(Saved data entries)

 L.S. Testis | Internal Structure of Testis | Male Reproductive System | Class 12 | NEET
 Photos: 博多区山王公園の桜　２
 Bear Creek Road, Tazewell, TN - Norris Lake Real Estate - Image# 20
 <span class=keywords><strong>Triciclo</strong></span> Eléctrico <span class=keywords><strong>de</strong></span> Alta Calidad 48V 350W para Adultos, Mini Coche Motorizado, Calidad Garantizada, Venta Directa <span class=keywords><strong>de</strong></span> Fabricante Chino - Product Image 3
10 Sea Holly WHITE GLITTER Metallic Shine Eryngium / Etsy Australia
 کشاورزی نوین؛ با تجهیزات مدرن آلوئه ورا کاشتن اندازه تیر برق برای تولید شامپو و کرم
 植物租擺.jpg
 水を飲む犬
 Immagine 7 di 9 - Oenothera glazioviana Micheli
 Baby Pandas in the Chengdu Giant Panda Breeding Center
--
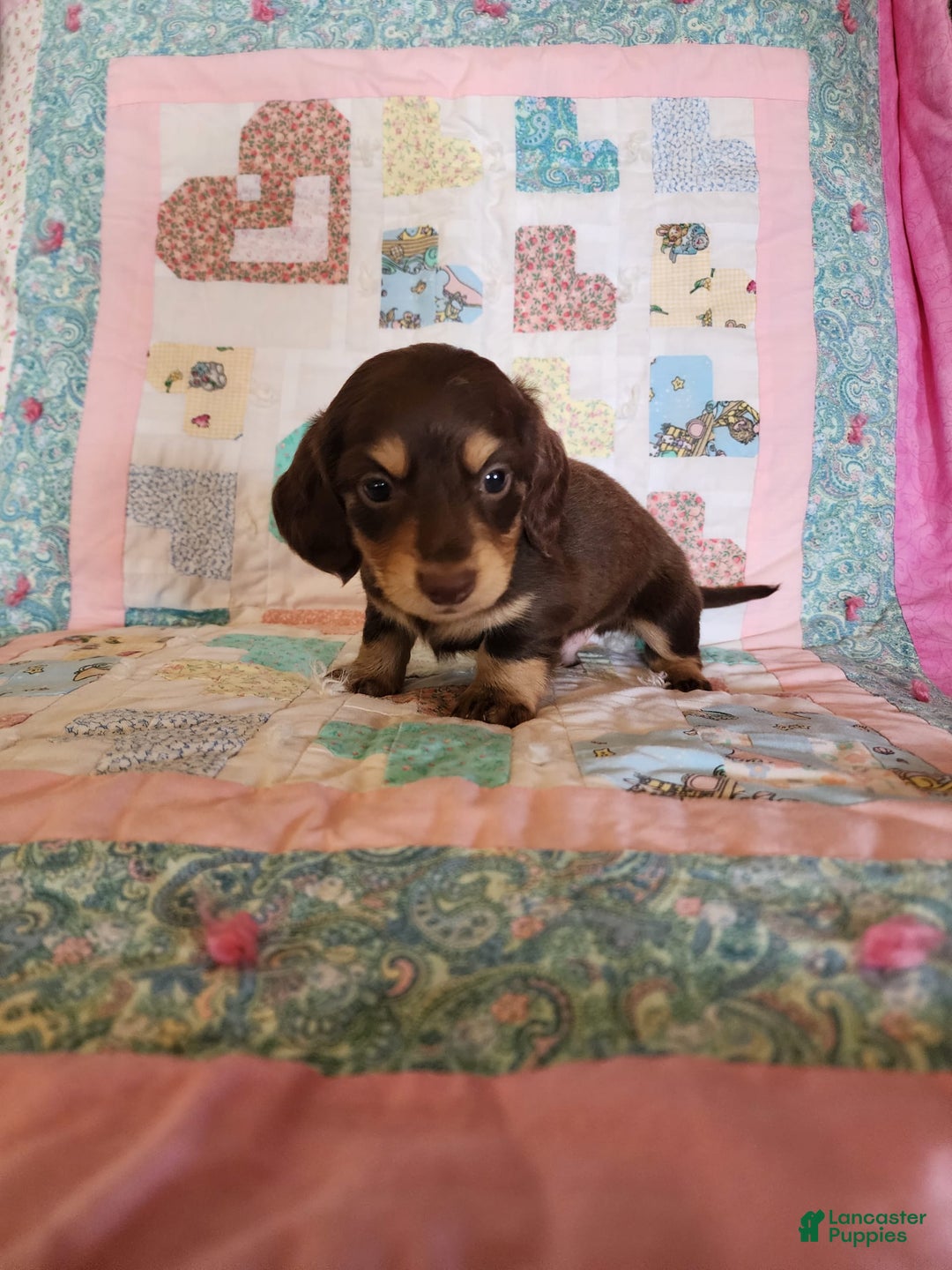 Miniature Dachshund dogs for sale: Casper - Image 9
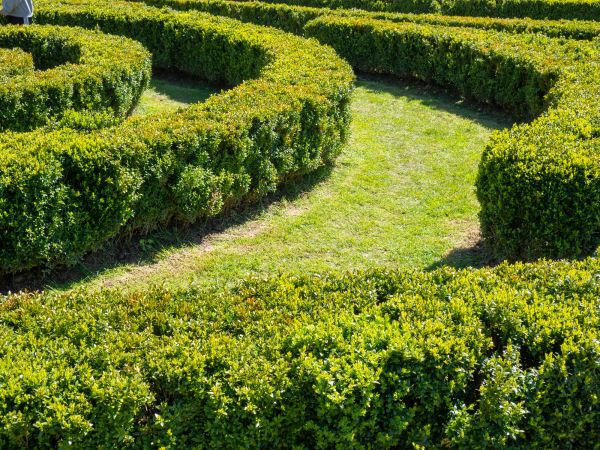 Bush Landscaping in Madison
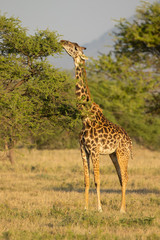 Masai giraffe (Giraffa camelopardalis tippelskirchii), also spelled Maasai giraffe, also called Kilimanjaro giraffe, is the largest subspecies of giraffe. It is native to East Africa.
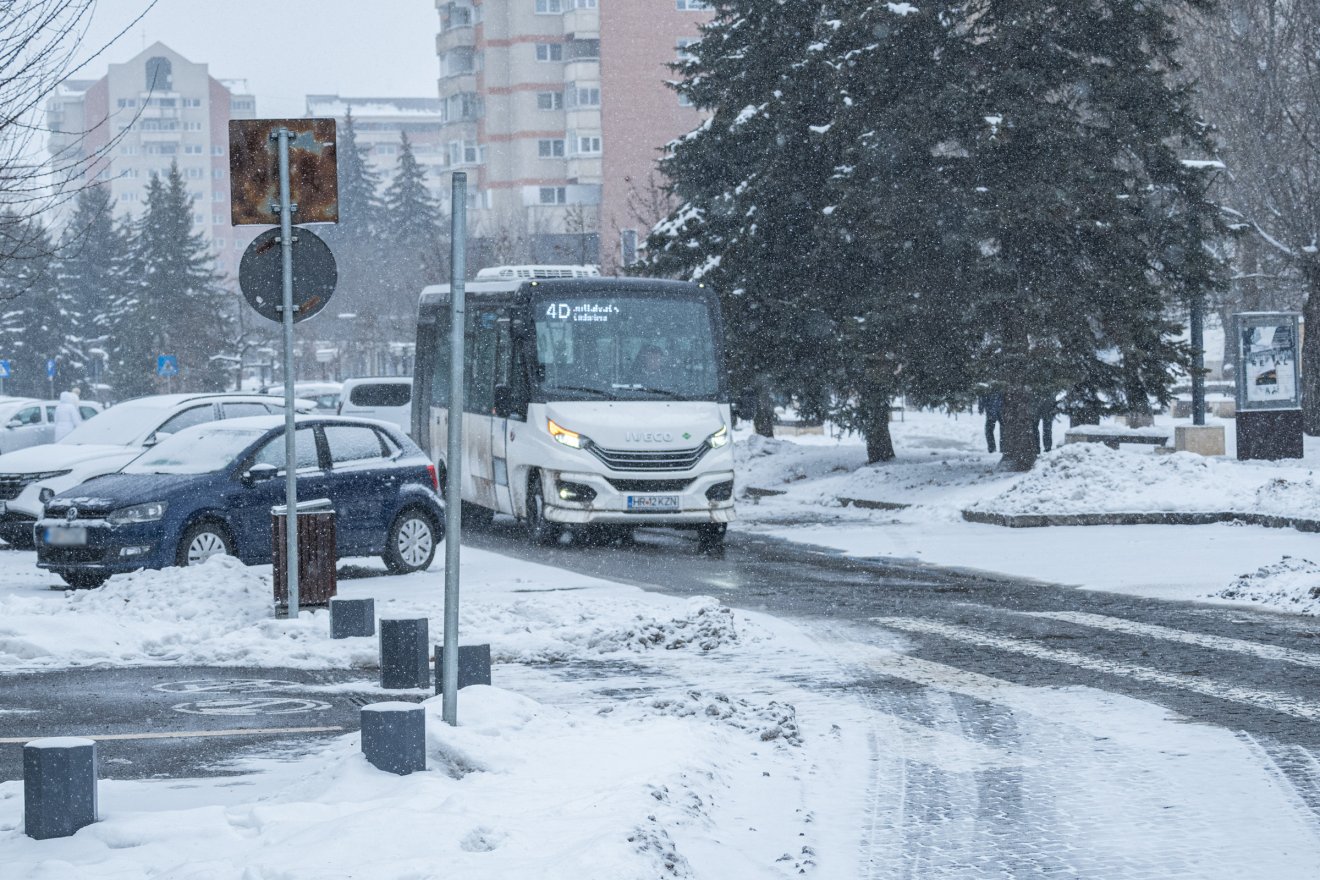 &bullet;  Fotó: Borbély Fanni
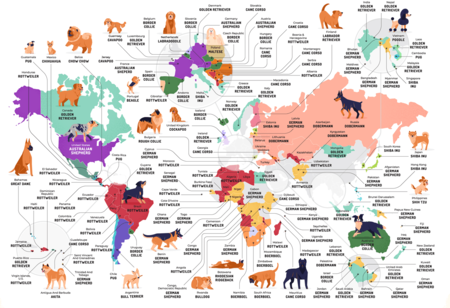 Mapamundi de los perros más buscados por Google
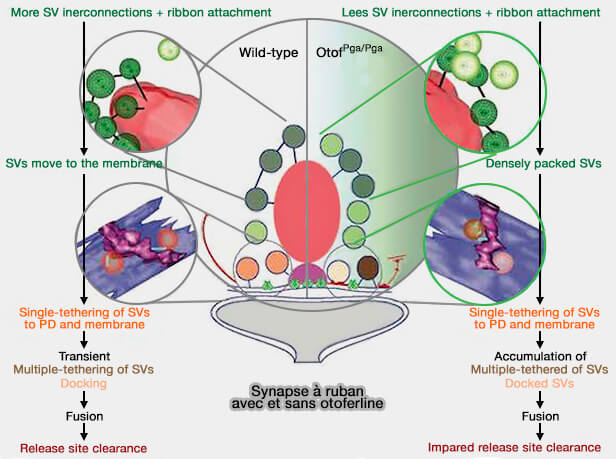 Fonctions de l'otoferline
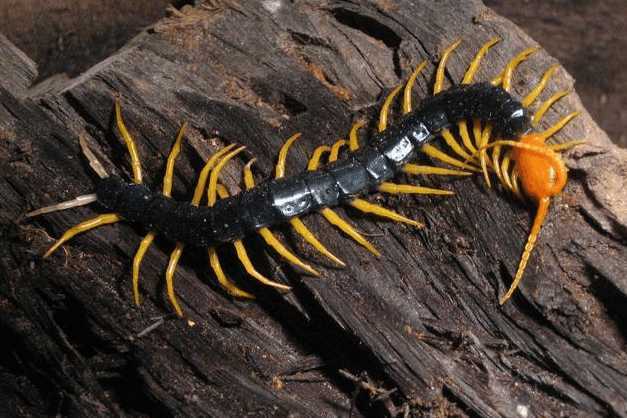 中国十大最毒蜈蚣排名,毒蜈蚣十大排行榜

### TASK DETAILS
Output exactly the lines above, from the line with "Bush Landscaping in Madison" to the line with "中国十大最毒蜈蚣排名,毒蜈蚣十大排行榜", both included; skip the pictures.

### TASK ANSWER
 Bush Landscaping in Madison
 Masai giraffe (Giraffa camelopardalis tippelskirchii), also spelled Maasai giraffe, also called Kilimanjaro giraffe, is the largest subspecies of giraffe. It is native to East Africa.
 &bullet;  Fotó: Borbély Fanni
 Mapamundi de los perros más buscados por Google
 Fonctions de l'otoferline
 中国十大最毒蜈蚣排名,毒蜈蚣十大排行榜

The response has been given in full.